What is required:
What follows is a set of records. Repeat every one of them exactly.

───

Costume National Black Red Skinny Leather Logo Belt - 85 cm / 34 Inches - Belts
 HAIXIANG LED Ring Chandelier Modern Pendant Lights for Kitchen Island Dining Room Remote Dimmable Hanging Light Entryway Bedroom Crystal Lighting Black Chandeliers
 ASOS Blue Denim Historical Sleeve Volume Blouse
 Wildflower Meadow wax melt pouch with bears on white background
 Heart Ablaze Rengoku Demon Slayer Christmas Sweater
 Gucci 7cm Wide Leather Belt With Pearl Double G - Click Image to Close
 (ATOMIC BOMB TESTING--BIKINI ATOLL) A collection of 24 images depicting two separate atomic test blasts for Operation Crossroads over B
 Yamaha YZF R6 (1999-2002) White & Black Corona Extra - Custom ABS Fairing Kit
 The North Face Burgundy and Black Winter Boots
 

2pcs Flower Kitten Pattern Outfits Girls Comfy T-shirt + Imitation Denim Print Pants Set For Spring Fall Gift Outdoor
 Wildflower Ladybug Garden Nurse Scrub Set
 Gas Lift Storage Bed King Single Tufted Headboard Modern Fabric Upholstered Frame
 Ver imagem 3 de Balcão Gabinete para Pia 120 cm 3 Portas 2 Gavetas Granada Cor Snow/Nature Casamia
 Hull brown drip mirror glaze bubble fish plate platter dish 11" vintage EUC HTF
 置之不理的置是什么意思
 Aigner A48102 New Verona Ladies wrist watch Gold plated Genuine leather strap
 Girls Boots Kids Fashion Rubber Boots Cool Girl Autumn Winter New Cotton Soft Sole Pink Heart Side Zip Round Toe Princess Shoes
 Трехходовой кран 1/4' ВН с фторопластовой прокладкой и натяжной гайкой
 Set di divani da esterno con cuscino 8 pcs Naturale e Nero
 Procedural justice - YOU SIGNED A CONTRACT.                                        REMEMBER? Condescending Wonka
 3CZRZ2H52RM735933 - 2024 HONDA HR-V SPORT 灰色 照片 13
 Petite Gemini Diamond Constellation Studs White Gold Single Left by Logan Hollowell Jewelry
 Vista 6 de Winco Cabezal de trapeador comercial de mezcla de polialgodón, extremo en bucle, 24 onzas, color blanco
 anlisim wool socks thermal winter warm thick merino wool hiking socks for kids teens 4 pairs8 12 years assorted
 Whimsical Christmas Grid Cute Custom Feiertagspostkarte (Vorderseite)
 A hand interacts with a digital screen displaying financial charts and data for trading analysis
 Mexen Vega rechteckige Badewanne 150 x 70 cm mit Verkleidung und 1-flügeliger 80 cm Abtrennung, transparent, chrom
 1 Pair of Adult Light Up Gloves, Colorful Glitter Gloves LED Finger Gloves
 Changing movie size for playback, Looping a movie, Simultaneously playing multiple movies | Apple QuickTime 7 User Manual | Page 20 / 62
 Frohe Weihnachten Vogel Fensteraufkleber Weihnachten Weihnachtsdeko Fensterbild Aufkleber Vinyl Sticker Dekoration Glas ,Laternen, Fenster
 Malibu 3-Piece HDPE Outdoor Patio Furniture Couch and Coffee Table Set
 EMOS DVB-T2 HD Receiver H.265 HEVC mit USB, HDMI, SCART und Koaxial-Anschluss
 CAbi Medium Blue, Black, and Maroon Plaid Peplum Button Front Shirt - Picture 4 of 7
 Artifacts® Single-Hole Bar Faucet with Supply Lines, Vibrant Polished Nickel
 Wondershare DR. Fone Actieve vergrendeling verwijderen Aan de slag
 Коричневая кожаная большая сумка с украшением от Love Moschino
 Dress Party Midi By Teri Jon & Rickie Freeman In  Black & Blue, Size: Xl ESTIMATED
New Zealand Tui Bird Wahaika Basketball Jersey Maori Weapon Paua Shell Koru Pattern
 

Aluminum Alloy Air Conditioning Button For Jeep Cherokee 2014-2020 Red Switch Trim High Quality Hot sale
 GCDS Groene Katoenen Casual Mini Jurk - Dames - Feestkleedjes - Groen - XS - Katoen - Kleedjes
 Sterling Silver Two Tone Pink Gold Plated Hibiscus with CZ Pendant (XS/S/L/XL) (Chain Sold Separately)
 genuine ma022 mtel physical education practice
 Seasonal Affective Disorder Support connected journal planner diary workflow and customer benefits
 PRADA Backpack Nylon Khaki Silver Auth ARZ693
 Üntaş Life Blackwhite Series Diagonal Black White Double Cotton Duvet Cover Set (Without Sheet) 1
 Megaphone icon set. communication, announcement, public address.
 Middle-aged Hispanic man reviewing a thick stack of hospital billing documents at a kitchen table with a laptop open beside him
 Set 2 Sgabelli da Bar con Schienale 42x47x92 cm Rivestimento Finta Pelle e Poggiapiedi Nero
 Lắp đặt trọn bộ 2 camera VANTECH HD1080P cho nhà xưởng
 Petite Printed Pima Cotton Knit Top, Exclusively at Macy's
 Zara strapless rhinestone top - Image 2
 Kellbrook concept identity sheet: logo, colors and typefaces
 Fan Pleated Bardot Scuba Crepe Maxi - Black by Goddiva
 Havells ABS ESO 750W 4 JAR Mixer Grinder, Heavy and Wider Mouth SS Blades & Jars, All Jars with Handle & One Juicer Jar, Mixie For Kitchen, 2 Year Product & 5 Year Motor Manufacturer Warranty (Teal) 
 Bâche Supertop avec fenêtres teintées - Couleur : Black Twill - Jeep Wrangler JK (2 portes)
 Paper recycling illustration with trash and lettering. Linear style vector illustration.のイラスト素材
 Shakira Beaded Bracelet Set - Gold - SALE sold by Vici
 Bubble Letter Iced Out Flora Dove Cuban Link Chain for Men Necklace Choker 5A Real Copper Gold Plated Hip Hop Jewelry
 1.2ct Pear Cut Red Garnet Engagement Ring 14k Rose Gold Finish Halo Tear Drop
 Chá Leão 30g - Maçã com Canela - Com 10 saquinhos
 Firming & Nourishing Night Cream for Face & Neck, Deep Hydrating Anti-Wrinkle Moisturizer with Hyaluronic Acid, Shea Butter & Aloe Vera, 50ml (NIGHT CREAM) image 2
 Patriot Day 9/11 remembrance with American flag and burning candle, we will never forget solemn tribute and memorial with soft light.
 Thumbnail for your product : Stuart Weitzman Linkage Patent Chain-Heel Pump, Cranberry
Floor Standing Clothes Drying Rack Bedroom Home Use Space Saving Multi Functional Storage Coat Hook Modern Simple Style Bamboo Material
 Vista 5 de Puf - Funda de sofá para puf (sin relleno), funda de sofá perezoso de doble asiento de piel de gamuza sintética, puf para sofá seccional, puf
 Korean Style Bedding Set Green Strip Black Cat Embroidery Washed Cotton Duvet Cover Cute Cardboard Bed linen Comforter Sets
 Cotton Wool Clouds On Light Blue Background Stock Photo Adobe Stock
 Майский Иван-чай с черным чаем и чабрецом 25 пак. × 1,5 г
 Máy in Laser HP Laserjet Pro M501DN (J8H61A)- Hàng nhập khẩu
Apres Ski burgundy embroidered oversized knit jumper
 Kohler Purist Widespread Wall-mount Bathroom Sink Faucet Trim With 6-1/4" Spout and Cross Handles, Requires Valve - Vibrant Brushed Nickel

───

Exercise solution:
Costume National Black Red Skinny Leather Logo Belt - 85 cm / 34 Inches - Belts
 HAIXIANG LED Ring Chandelier Modern Pendant Lights for Kitchen Island Dining Room Remote Dimmable Hanging Light Entryway Bedroom Crystal Lighting Black Chandeliers
 ASOS Blue Denim Historical Sleeve Volume Blouse
 Wildflower Meadow wax melt pouch with bears on white background
 Heart Ablaze Rengoku Demon Slayer Christmas Sweater
 Gucci 7cm Wide Leather Belt With Pearl Double G - Click Image to Close
 (ATOMIC BOMB TESTING--BIKINI ATOLL) A collection of 24 images depicting two separate atomic test blasts for Operation Crossroads over B
 Yamaha YZF R6 (1999-2002) White & Black Corona Extra - Custom ABS Fairing Kit
 The North Face Burgundy and Black Winter Boots
 

2pcs Flower Kitten Pattern Outfits Girls Comfy T-shirt + Imitation Denim Print Pants Set For Spring Fall Gift Outdoor
 Wildflower Ladybug Garden Nurse Scrub Set
 Gas Lift Storage Bed King Single Tufted Headboard Modern Fabric Upholstered Frame
 Ver imagem 3 de Balcão Gabinete para Pia 120 cm 3 Portas 2 Gavetas Granada Cor Snow/Nature Casamia
 Hull brown drip mirror glaze bubble fish plate platter dish 11" vintage EUC HTF
 置之不理的置是什么意思
 Aigner A48102 New Verona Ladies wrist watch Gold plated Genuine leather strap
 Girls Boots Kids Fashion Rubber Boots Cool Girl Autumn Winter New Cotton Soft Sole Pink Heart Side Zip Round Toe Princess Shoes
 Трехходовой кран 1/4' ВН с фторопластовой прокладкой и натяжной гайкой
 Set di divani da esterno con cuscino 8 pcs Naturale e Nero
 Procedural justice - YOU SIGNED A CONTRACT.                                        REMEMBER? Condescending Wonka
 3CZRZ2H52RM735933 - 2024 HONDA HR-V SPORT 灰色 照片 13
 Petite Gemini Diamond Constellation Studs White Gold Single Left by Logan Hollowell Jewelry
 Vista 6 de Winco Cabezal de trapeador comercial de mezcla de polialgodón, extremo en bucle, 24 onzas, color blanco
 anlisim wool socks thermal winter warm thick merino wool hiking socks for kids teens 4 pairs8 12 years assorted
 Whimsical Christmas Grid Cute Custom Feiertagspostkarte (Vorderseite)
 A hand interacts with a digital screen displaying financial charts and data for trading analysis
 Mexen Vega rechteckige Badewanne 150 x 70 cm mit Verkleidung und 1-flügeliger 80 cm Abtrennung, transparent, chrom
 1 Pair of Adult Light Up Gloves, Colorful Glitter Gloves LED Finger Gloves
 Changing movie size for playback, Looping a movie, Simultaneously playing multiple movies | Apple QuickTime 7 User Manual | Page 20 / 62
 Frohe Weihnachten Vogel Fensteraufkleber Weihnachten Weihnachtsdeko Fensterbild Aufkleber Vinyl Sticker Dekoration Glas ,Laternen, Fenster
 Malibu 3-Piece HDPE Outdoor Patio Furniture Couch and Coffee Table Set
 EMOS DVB-T2 HD Receiver H.265 HEVC mit USB, HDMI, SCART und Koaxial-Anschluss
 CAbi Medium Blue, Black, and Maroon Plaid Peplum Button Front Shirt - Picture 4 of 7
 Artifacts® Single-Hole Bar Faucet with Supply Lines, Vibrant Polished Nickel
 Wondershare DR. Fone Actieve vergrendeling verwijderen Aan de slag
 Коричневая кожаная большая сумка с украшением от Love Moschino
 Dress Party Midi By Teri Jon & Rickie Freeman In  Black & Blue, Size: Xl ESTIMATED
New Zealand Tui Bird Wahaika Basketball Jersey Maori Weapon Paua Shell Koru Pattern
 

Aluminum Alloy Air Conditioning Button For Jeep Cherokee 2014-2020 Red Switch Trim High Quality Hot sale
 GCDS Groene Katoenen Casual Mini Jurk - Dames - Feestkleedjes - Groen - XS - Katoen - Kleedjes
 Sterling Silver Two Tone Pink Gold Plated Hibiscus with CZ Pendant (XS/S/L/XL) (Chain Sold Separately)
 genuine ma022 mtel physical education practice
 Seasonal Affective Disorder Support connected journal planner diary workflow and customer benefits
 PRADA Backpack Nylon Khaki Silver Auth ARZ693
 Üntaş Life Blackwhite Series Diagonal Black White Double Cotton Duvet Cover Set (Without Sheet) 1
 Megaphone icon set. communication, announcement, public address.
 Middle-aged Hispanic man reviewing a thick stack of hospital billing documents at a kitchen table with a laptop open beside him
 Set 2 Sgabelli da Bar con Schienale 42x47x92 cm Rivestimento Finta Pelle e Poggiapiedi Nero
 Lắp đặt trọn bộ 2 camera VANTECH HD1080P cho nhà xưởng
 Petite Printed Pima Cotton Knit Top, Exclusively at Macy's
 Zara strapless rhinestone top - Image 2
 Kellbrook concept identity sheet: logo, colors and typefaces
 Fan Pleated Bardot Scuba Crepe Maxi - Black by Goddiva
 Havells ABS ESO 750W 4 JAR Mixer Grinder, Heavy and Wider Mouth SS Blades & Jars, All Jars with Handle & One Juicer Jar, Mixie For Kitchen, 2 Year Product & 5 Year Motor Manufacturer Warranty (Teal) 
 Bâche Supertop avec fenêtres teintées - Couleur : Black Twill - Jeep Wrangler JK (2 portes)
 Paper recycling illustration with trash and lettering. Linear style vector illustration.のイラスト素材
 Shakira Beaded Bracelet Set - Gold - SALE sold by Vici
 Bubble Letter Iced Out Flora Dove Cuban Link Chain for Men Necklace Choker 5A Real Copper Gold Plated Hip Hop Jewelry
 1.2ct Pear Cut Red Garnet Engagement Ring 14k Rose Gold Finish Halo Tear Drop
 Chá Leão 30g - Maçã com Canela - Com 10 saquinhos
 Firming & Nourishing Night Cream for Face & Neck, Deep Hydrating Anti-Wrinkle Moisturizer with Hyaluronic Acid, Shea Butter & Aloe Vera, 50ml (NIGHT CREAM) image 2
 Patriot Day 9/11 remembrance with American flag and burning candle, we will never forget solemn tribute and memorial with soft light.
 Thumbnail for your product : Stuart Weitzman Linkage Patent Chain-Heel Pump, Cranberry
Floor Standing Clothes Drying Rack Bedroom Home Use Space Saving Multi Functional Storage Coat Hook Modern Simple Style Bamboo Material
 Vista 5 de Puf - Funda de sofá para puf (sin relleno), funda de sofá perezoso de doble asiento de piel de gamuza sintética, puf para sofá seccional, puf
 Korean Style Bedding Set Green Strip Black Cat Embroidery Washed Cotton Duvet Cover Cute Cardboard Bed linen Comforter Sets
 Cotton Wool Clouds On Light Blue Background Stock Photo Adobe Stock
 Майский Иван-чай с черным чаем и чабрецом 25 пак. × 1,5 г
 Máy in Laser HP Laserjet Pro M501DN (J8H61A)- Hàng nhập khẩu
Apres Ski burgundy embroidered oversized knit jumper
 Kohler Purist Widespread Wall-mount Bathroom Sink Faucet Trim With 6-1/4" Spout and Cross Handles, Requires Valve - Vibrant Brushed Nickel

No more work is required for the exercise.